Wal-Mart, the world's largest retailer, said yesterday it planned to reduce U.S. prices on Thanksgiving food and Christmas merchandise to lure customers during the holidays.
Price 'Rollbacks' [Wal-mart brand tag until, uh oh, this summer]
"You'll see a lot of rollbacks," Eduardo Castro-Wright, Wal-Mart's U.S. stores chief, told analysts at a Morgan Stanley conference in New York. Rollbacks refer to price reductions the retailer scatters throughout grocery, pharmacy and other departments to spur sales.
Target, the second-largest U.S. discounter, said this week it plans to add grocery items and offer "sharper" discounts to draw shoppers who are shunning jewelry, clothing and home goods, which account for more than 40 percent of its revenue.

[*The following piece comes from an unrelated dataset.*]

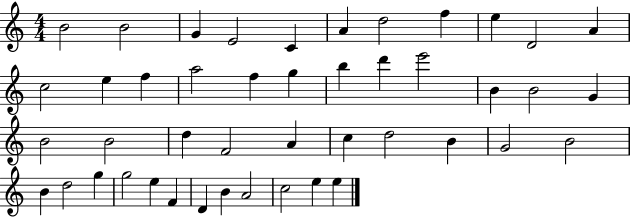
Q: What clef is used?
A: treble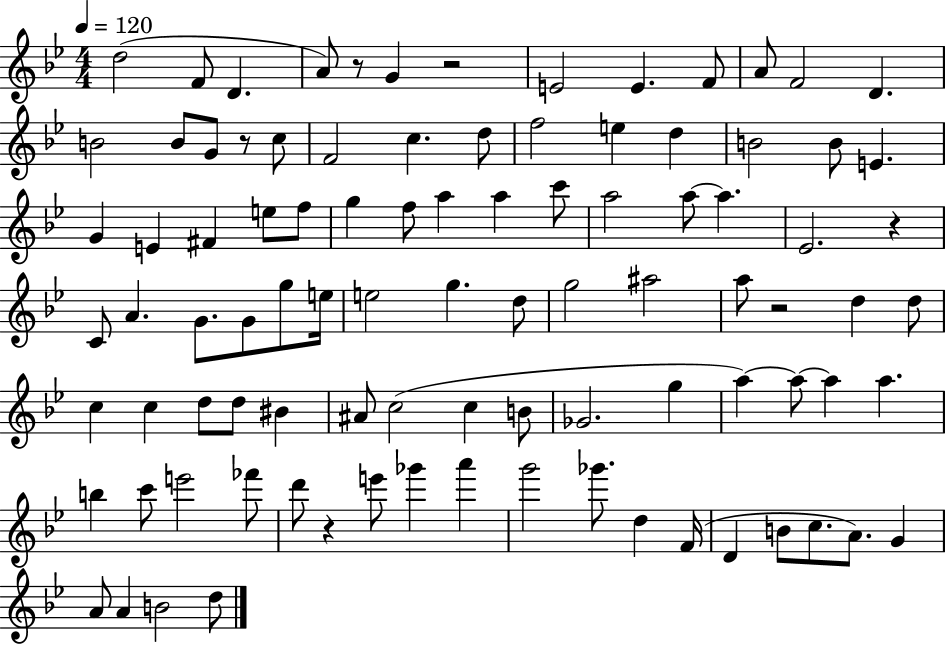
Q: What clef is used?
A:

"Right now, the consumer is very hesitant," Chief Executive Officer Gregg Steinhafel said during the company's Nov. 17 earnings call. "They're very stressed."
Sales of clothing and home goods have been "sharply lower," partly because of banks decreasing consumer credit limits [?!], Chief Financial Officer Douglas Scovanner said during the call.

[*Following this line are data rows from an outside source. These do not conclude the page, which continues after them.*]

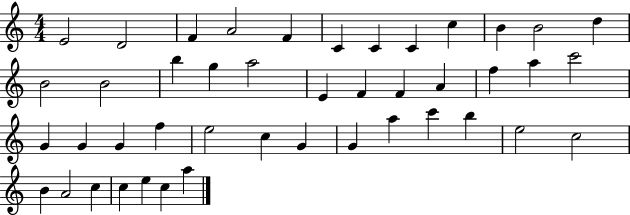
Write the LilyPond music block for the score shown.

{
  \clef treble
  \numericTimeSignature
  \time 4/4
  \key c \major
  e'2 d'2 | f'4 a'2 f'4 | c'4 c'4 c'4 c''4 | b'4 b'2 d''4 | \break b'2 b'2 | b''4 g''4 a''2 | e'4 f'4 f'4 a'4 | f''4 a''4 c'''2 | \break g'4 g'4 g'4 f''4 | e''2 c''4 g'4 | g'4 a''4 c'''4 b''4 | e''2 c''2 | \break b'4 a'2 c''4 | c''4 e''4 c''4 a''4 | \bar "|."
}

Leaders in the U.S., Europe and Asia are calling for increased government spending to make up for the loss of consumer purchasing power [i.e. "disinflation" or post-Phillips "stagflation" epithet or, simply put, deflation and employment destruction] and lessen the global recession.
This story isn't about seasonality. It began over 18 mons ago with market saturation of same-store consumer credit contracts such as "0 down, 0 interest for 1 year" in home furnishing/improvement sectors. The Big 3 started a GMAC-unfunded price war two years ago. 10 years ago, more or less, financial services firms got Gramm-Leachey. Market failure is now spread into non-durables sectors where operating capacity and market expansion where profit-centers never existed -- firm-level competition within a sector for any income to service debt incurred and rolled-over at variable --not fixed-- rates (PPI) over the same period. This is the logical conclusion to the "loss leadership" rationale of entrepreneurial opportunity.

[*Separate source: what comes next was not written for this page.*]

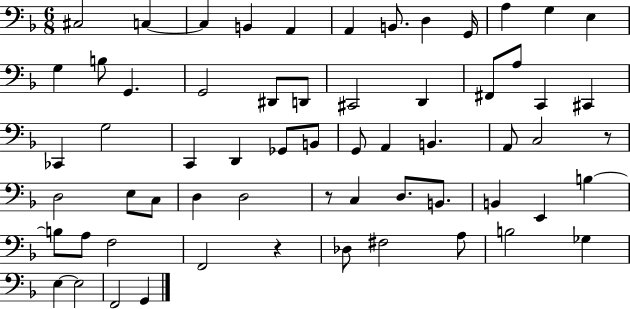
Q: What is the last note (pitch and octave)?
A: G2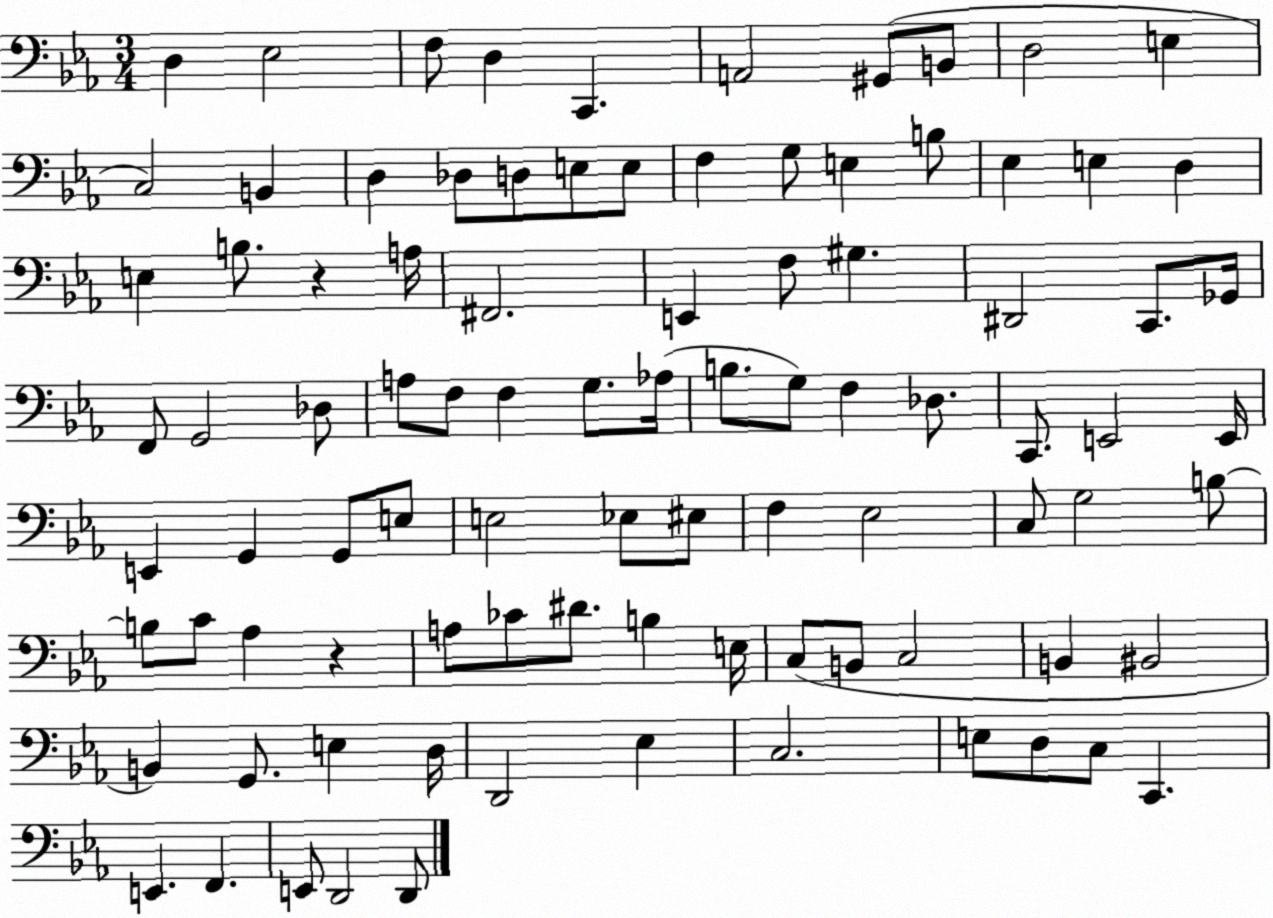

Retail price discounts like "redeemable loyalty rewards" and not unlike mark-to-market securities valuations are a GAAP balance sheet component (loss reserve, current or long-term liability, depending on coupon expiry) and P&L component (GA or marketing expense). The greater the value and duration of "discounts," the greater the obligations imputed to ("impairment" of) future income and market cap.
This story, this "price level stability" problem of fiscal remedy married to unregulated product or labor markets, is so 1900-1934 (including The Great War stimulus package). Wankers.
Consumers will NOT get deficit dollars to subsidize their switching costs simply because their representatives are absolutely committed to preserving a finance economy -- microeconomics of "from whom shall I borrow money and at what interest rate?" since I own no productive property except my body. Sorta. Diversity is the key to economic and political evolution.